== WHAT THIS TASK INVOLVES ==
Only lines containing "Used" belong in the answer, each copied from the entries below.

=== MATERIALS PROVIDED ===

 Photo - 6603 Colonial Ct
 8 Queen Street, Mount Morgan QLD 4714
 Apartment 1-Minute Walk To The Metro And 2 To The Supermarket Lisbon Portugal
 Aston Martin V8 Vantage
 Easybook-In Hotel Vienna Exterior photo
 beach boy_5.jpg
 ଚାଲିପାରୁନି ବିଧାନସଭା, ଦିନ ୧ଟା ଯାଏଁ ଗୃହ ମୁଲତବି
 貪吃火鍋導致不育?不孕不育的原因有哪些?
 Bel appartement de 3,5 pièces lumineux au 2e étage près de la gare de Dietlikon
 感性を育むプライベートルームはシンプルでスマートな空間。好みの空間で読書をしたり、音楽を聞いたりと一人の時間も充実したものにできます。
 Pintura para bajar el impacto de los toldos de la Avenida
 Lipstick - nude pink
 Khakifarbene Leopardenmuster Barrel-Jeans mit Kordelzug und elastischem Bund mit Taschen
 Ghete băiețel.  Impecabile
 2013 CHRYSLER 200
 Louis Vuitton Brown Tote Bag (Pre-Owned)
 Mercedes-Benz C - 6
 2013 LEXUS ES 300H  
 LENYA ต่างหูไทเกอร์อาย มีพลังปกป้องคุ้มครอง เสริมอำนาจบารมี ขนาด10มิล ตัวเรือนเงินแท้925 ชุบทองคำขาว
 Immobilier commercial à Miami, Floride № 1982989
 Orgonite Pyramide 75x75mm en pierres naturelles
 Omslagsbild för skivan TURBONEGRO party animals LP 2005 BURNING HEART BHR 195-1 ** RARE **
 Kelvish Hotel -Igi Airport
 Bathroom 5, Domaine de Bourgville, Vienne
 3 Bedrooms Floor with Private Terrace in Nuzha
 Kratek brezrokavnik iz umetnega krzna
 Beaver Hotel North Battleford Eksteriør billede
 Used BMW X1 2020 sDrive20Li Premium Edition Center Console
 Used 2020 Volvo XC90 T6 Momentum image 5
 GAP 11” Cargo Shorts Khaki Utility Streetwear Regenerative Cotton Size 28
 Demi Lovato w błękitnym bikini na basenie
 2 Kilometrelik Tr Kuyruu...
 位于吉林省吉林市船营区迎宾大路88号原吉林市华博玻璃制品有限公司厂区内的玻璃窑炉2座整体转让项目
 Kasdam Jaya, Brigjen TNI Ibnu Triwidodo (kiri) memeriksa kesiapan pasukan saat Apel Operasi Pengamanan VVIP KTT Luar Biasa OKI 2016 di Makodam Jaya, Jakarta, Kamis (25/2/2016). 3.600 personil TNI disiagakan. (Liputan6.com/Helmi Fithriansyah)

===

== TASK OUTPUT ==
 Used BMW X1 2020 sDrive20Li Premium Edition Center Console
 Used 2020 Volvo XC90 T6 Momentum image 5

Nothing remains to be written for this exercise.